§ Problem requirements
Please transcribe the data below exactly. Leave the pictures out.

§ Records for processing
########################################

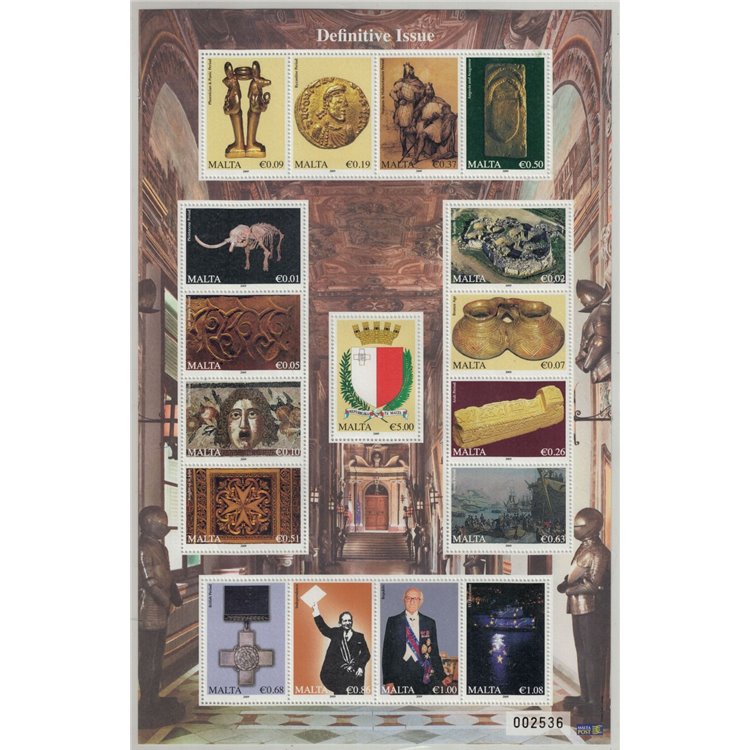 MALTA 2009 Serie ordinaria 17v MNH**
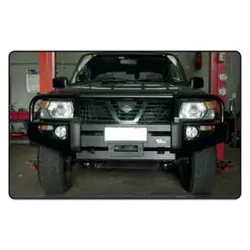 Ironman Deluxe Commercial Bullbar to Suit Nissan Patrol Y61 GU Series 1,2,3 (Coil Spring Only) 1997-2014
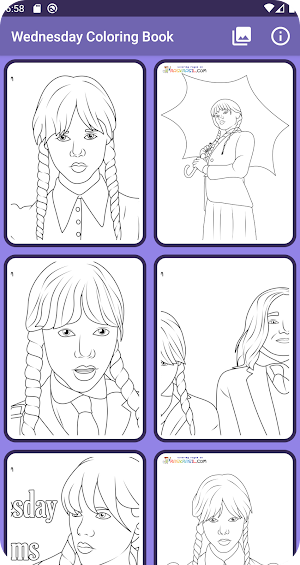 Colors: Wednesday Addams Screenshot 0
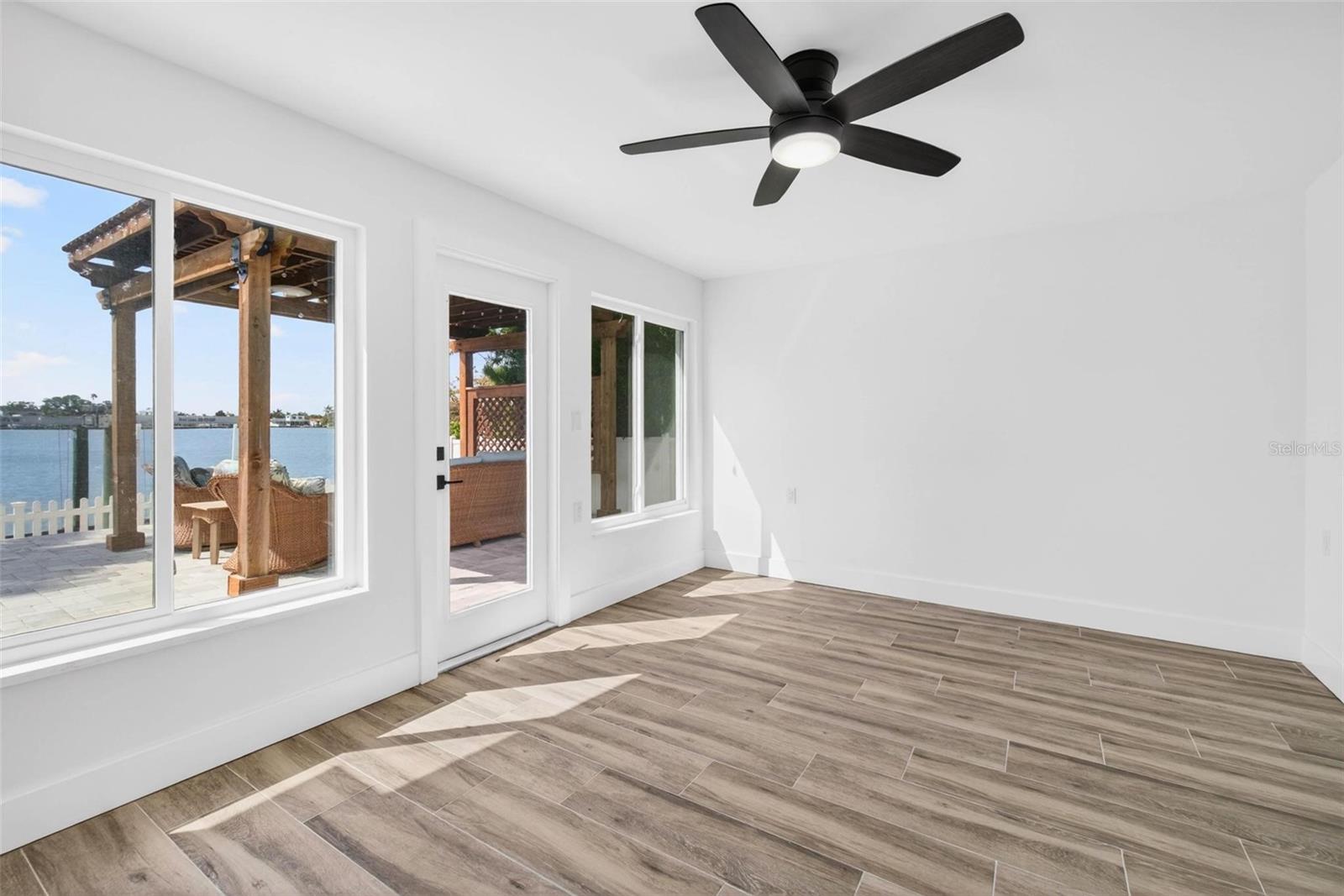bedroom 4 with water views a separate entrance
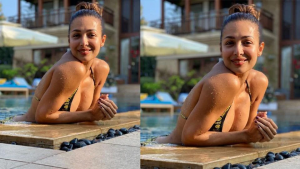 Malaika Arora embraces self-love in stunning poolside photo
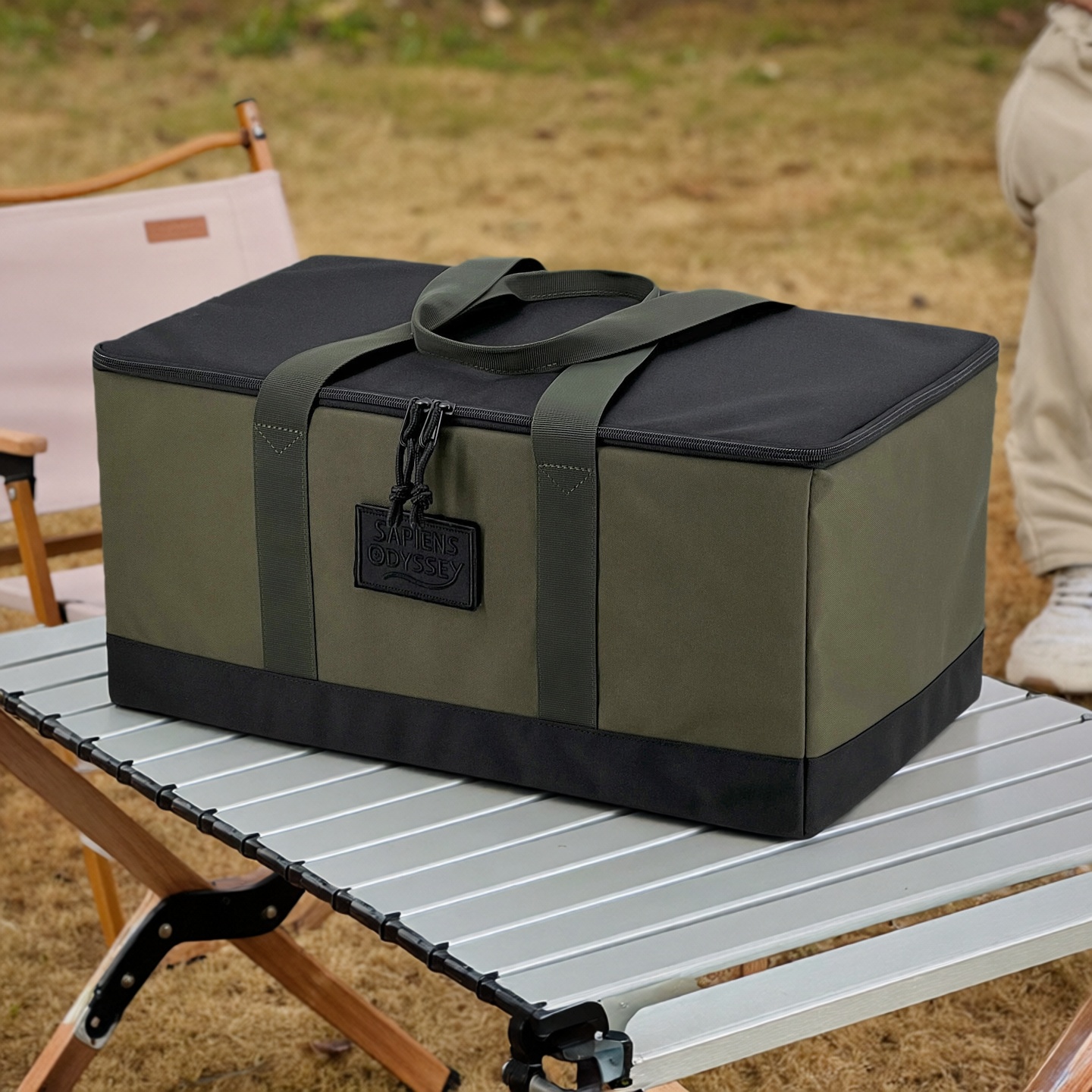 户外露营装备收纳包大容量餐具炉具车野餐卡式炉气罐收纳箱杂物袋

########################################

§ Written answer
 MALTA 2009 Serie ordinaria 17v MNH**
 Ironman Deluxe Commercial Bullbar to Suit Nissan Patrol Y61 GU Series 1,2,3 (Coil Spring Only) 1997-2014
 Colors: Wednesday Addams Screenshot 0
bedroom 4 with water views a separate entrance
 Malaika Arora embraces self-love in stunning poolside photo
 户外露营装备收纳包大容量餐具炉具车野餐卡式炉气罐收纳箱杂物袋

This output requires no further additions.